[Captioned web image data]
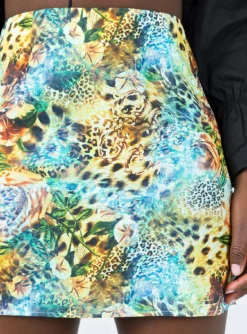 Princess Polly Selby Mini Skirt Multi 9 Princess Polly Selby Mini Skirt Multi -Femme Flair 5 61f228e1 78a1 4f04 944f 43a2d9eb1e58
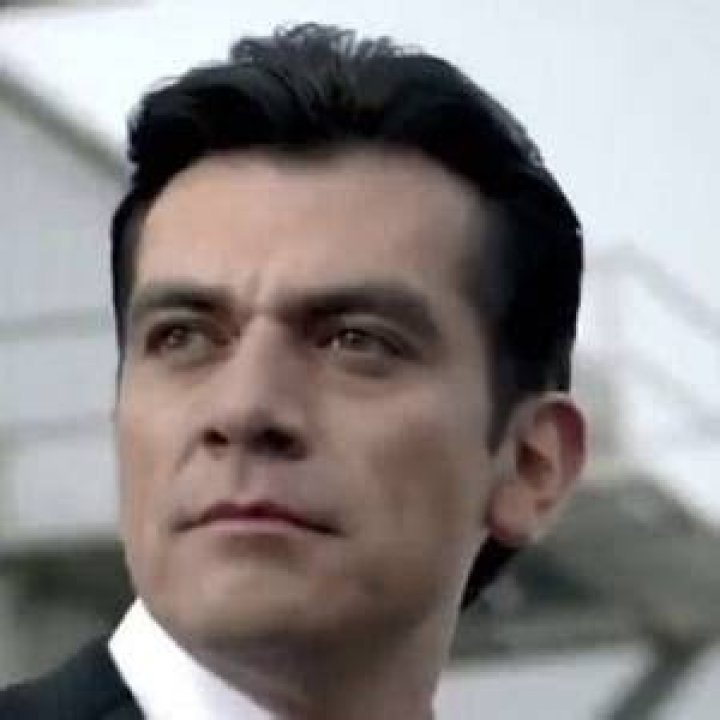 Jorge Salinas (Soap Opera Actor) - Age, Birthday, Bio, Facts, Family, Net Worth, Height & More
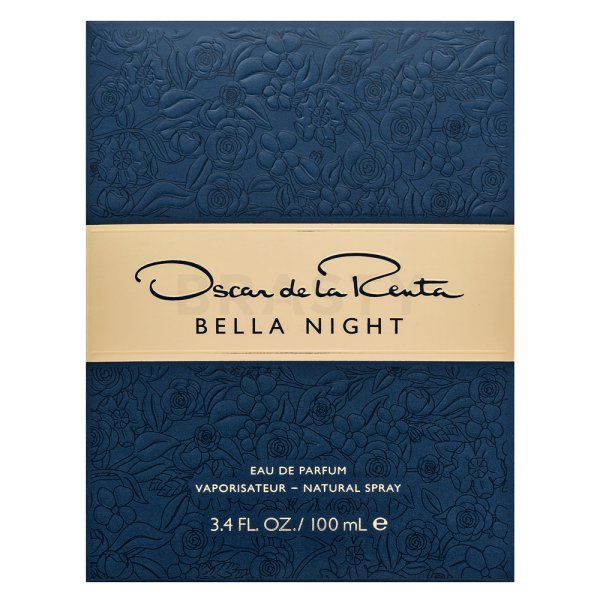 Oscar de la Renta Bella Night woda perfumowana dla kobiet 100 ml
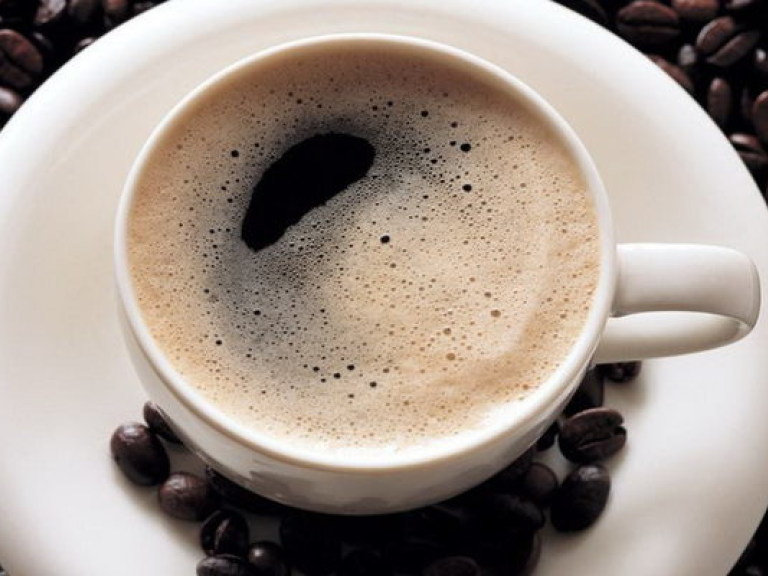 Кофе полезен после новогодних праздников &#8212; диетолог
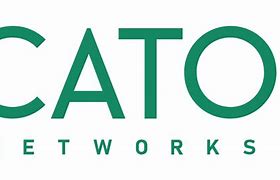 Image result for Cato Networks Logo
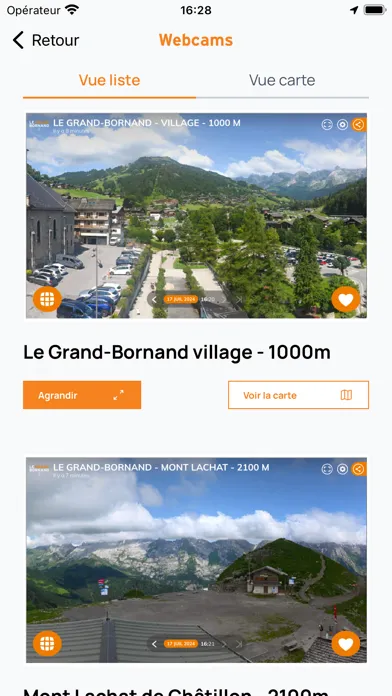 Скриншоты Le Grand-Bornand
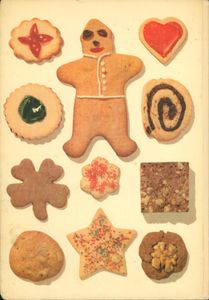 The Family Circle Cake & Cooky Cookbook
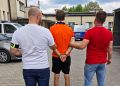 Ukradł hulajnogę z&nbsp;marketu. 32-latek odpowie jako recydywista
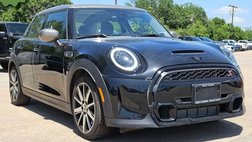 2023 MINI Hardtop Cooper S
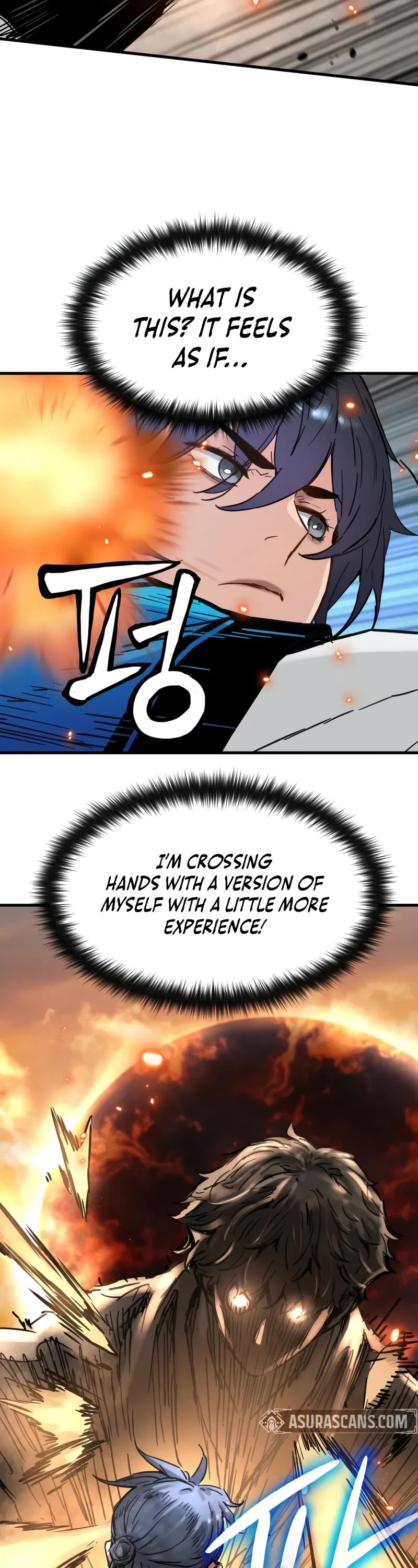 Surviving as a Genius on Borrowed Time Chapter 54 page 33 - Chapter 54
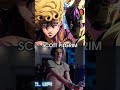 Jojo characters vs random 1vs part 25 final jojo jojosbizarreadventure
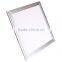 aluminum lamp body/ led flat ceiling light fixture /square led ceiling light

Problem description
A faithful copy of the data is required: each word kept, each picture omitted.

Exercise answer
 Princess Polly Selby Mini Skirt Multi 9 Princess Polly Selby Mini Skirt Multi -Femme Flair 5 61f228e1 78a1 4f04 944f 43a2d9eb1e58
 Jorge Salinas (Soap Opera Actor) - Age, Birthday, Bio, Facts, Family, Net Worth, Height & More
 Oscar de la Renta Bella Night woda perfumowana dla kobiet 100 ml
 Кофе полезен после новогодних праздников &#8212; диетолог
 Image result for Cato Networks Logo
 Скриншоты Le Grand-Bornand
 The Family Circle Cake & Cooky Cookbook
 Ukradł hulajnogę z&nbsp;marketu. 32-latek odpowie jako recydywista
 2023 MINI Hardtop Cooper S
 Surviving as a Genius on Borrowed Time Chapter 54 page 33 - Chapter 54
 Jojo characters vs random 1vs part 25 final jojo jojosbizarreadventure
 aluminum lamp body/ led flat ceiling light fixture /square led ceiling light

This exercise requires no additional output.